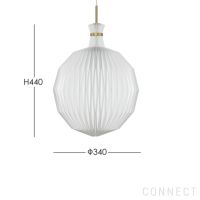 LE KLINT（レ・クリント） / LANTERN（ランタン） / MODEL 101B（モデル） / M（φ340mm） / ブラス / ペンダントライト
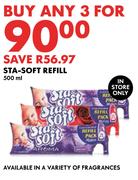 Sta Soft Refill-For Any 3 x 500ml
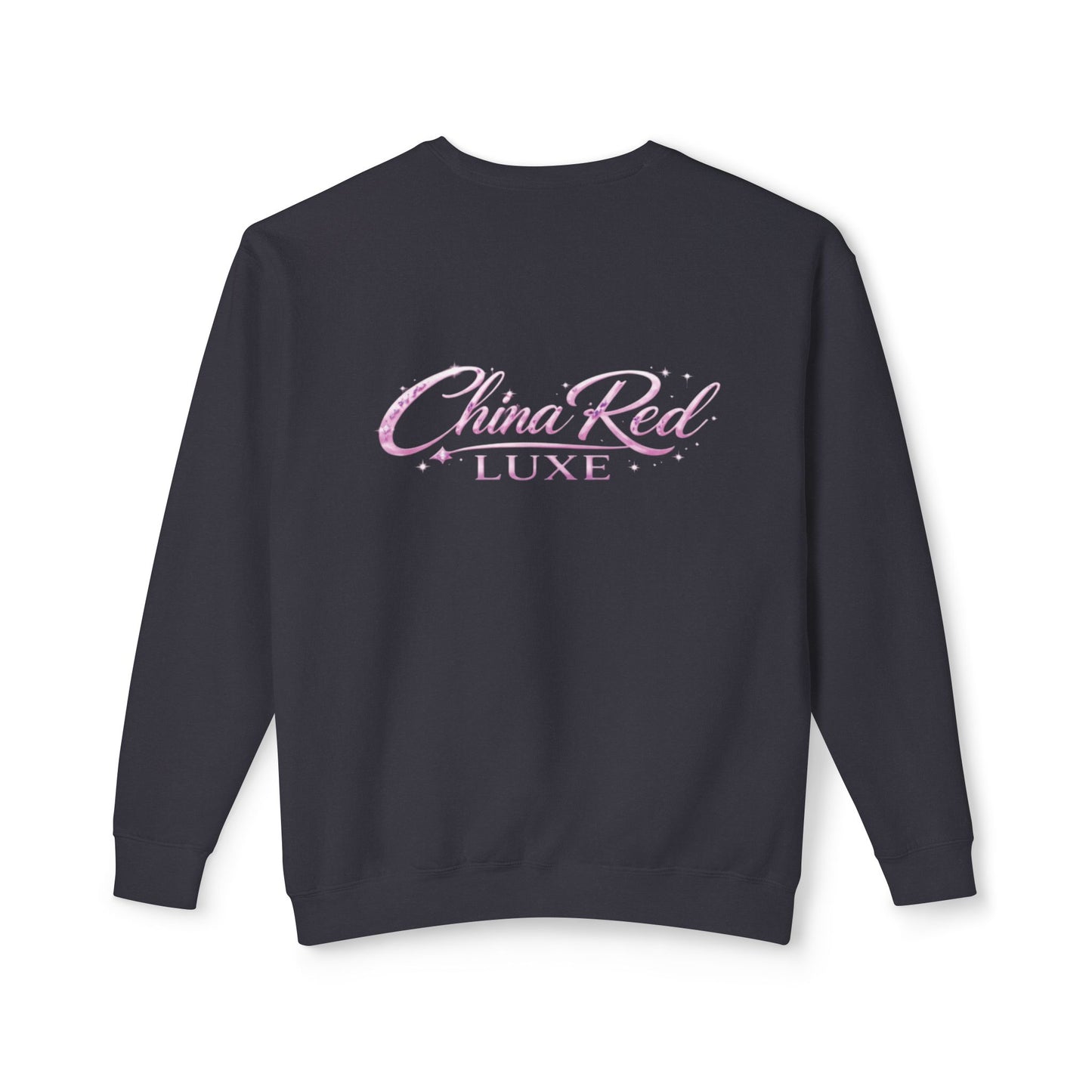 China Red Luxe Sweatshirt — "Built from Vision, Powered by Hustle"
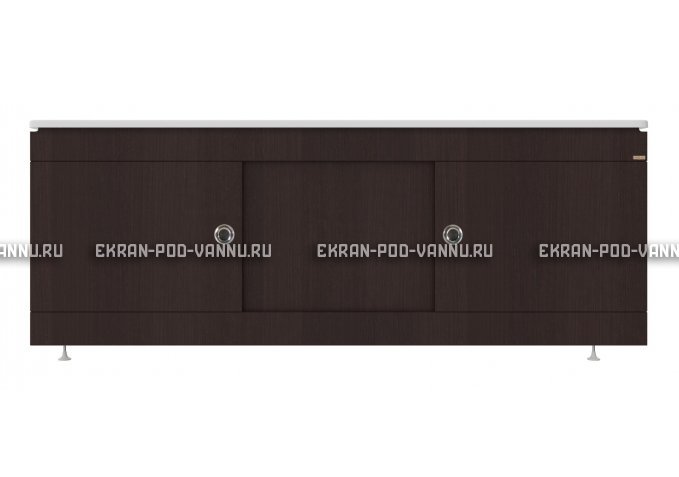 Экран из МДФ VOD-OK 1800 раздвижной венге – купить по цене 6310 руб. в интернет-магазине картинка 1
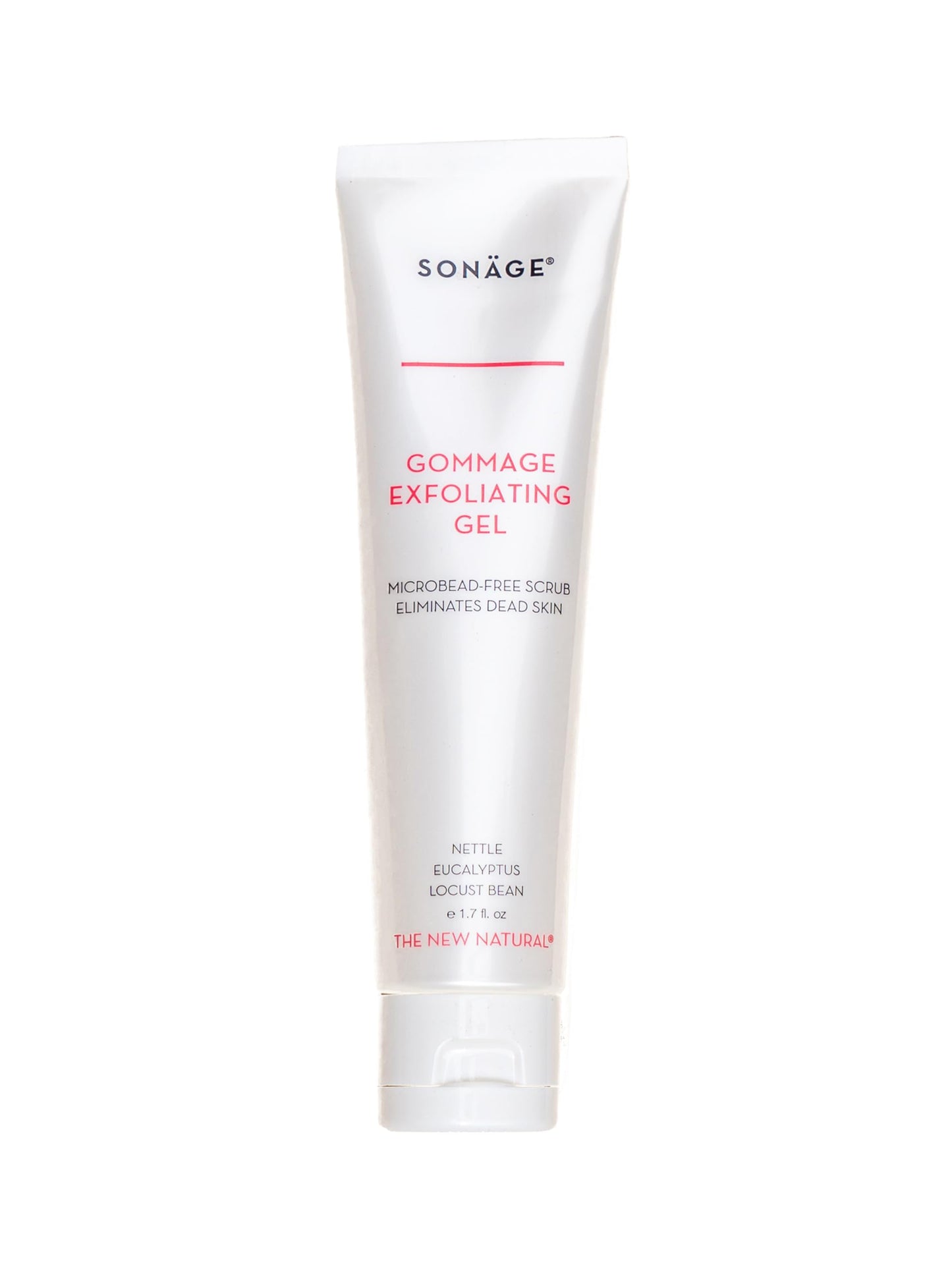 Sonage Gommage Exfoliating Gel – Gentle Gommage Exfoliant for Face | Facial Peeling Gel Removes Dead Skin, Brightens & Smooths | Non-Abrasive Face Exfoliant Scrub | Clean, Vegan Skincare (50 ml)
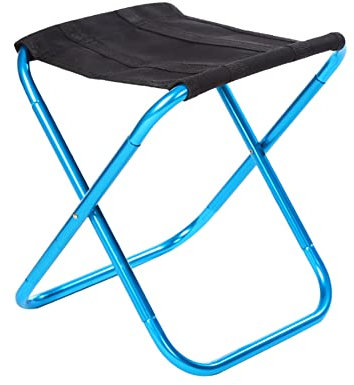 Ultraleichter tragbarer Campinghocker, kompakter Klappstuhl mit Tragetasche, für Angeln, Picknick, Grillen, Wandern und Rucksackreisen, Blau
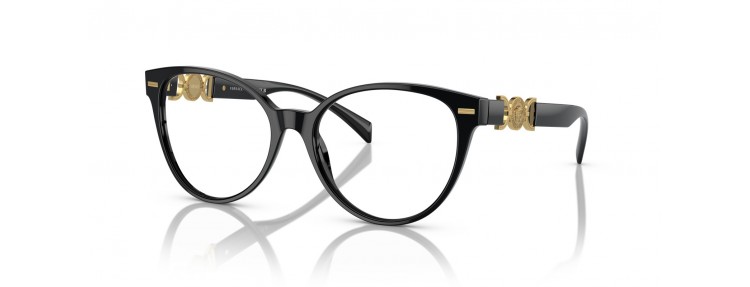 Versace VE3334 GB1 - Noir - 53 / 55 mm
---
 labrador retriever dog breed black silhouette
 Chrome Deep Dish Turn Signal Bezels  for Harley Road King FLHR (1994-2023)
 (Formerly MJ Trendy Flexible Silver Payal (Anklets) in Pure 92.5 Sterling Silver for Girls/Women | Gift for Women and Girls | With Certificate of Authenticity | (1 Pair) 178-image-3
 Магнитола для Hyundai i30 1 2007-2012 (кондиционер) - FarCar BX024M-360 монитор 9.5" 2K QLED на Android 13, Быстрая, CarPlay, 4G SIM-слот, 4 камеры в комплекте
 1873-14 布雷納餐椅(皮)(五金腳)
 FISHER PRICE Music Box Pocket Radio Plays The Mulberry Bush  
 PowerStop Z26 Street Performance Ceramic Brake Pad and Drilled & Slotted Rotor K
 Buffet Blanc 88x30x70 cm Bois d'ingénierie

* **TASK REQUIREMENTS**:
Write out, from the lines above, only those from the line with "Магнитола для Hyundai" to the line with "Buffet Blanc 88x30x70 cm Bois d'ingénierie", exactly as given, including the first and the last.

* **RESPONSE TO THE TASK**:
 Магнитола для Hyundai i30 1 2007-2012 (кондиционер) - FarCar BX024M-360 монитор 9.5" 2K QLED на Android 13, Быстрая, CarPlay, 4G SIM-слот, 4 камеры в комплекте
 1873-14 布雷納餐椅(皮)(五金腳)
 FISHER PRICE Music Box Pocket Radio Plays The Mulberry Bush  
 PowerStop Z26 Street Performance Ceramic Brake Pad and Drilled & Slotted Rotor K
 Buffet Blanc 88x30x70 cm Bois d'ingénierie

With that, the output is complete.